• **PROBLEM TO WORK ON**: Lines before the one containing "5085 Durfee Road, Eaton Rapids, MI 48827" are not wanted; restate the rest below word for word, through the last line, but drop any pictures.

• **DATA SEGMENT**:

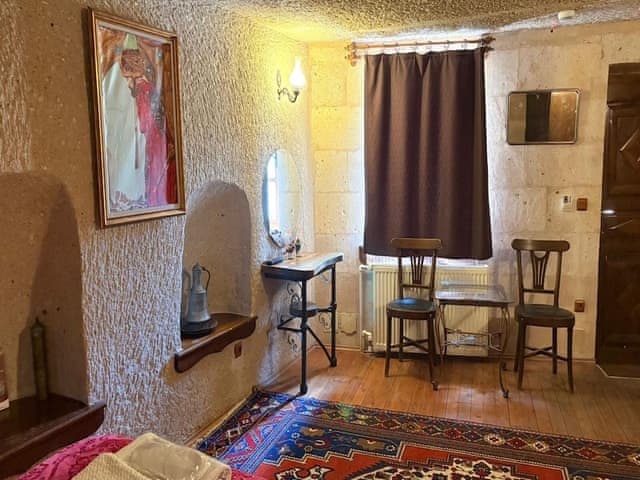 Family Triple Deluxe Cave Room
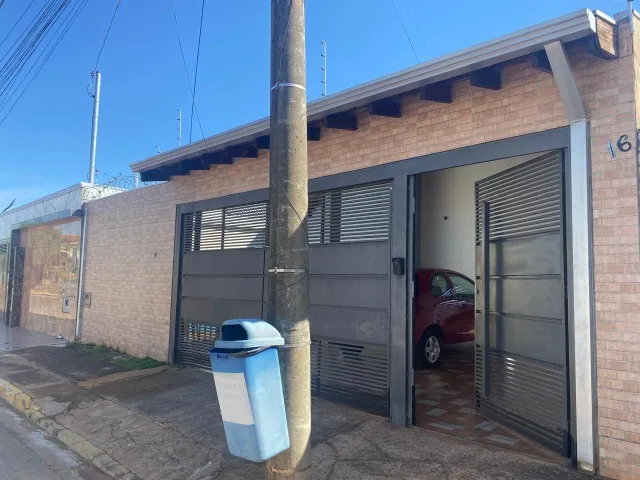 Casa com piscina no condomínio Silvestre, com 3 quartos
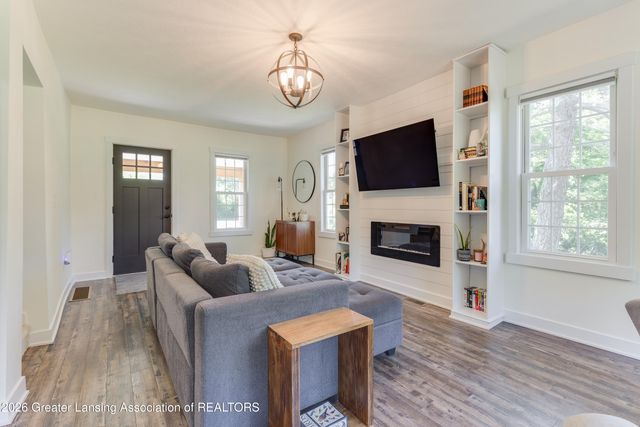 5085 Durfee Road, Eaton Rapids, MI 48827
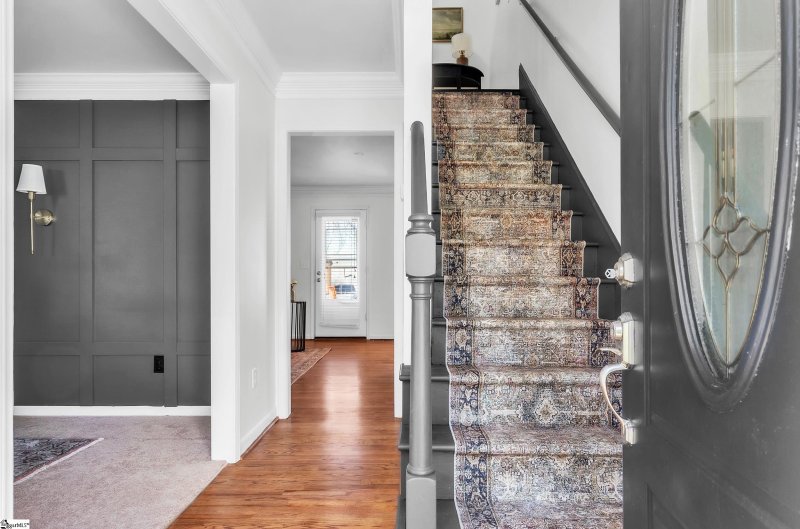 Property image 3 at 110 Woodway Drive, Greer, SC 29651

• **YOUR RESPONSE**:
 5085 Durfee Road, Eaton Rapids, MI 48827
 Property image 3 at 110 Woodway Drive, Greer, SC 29651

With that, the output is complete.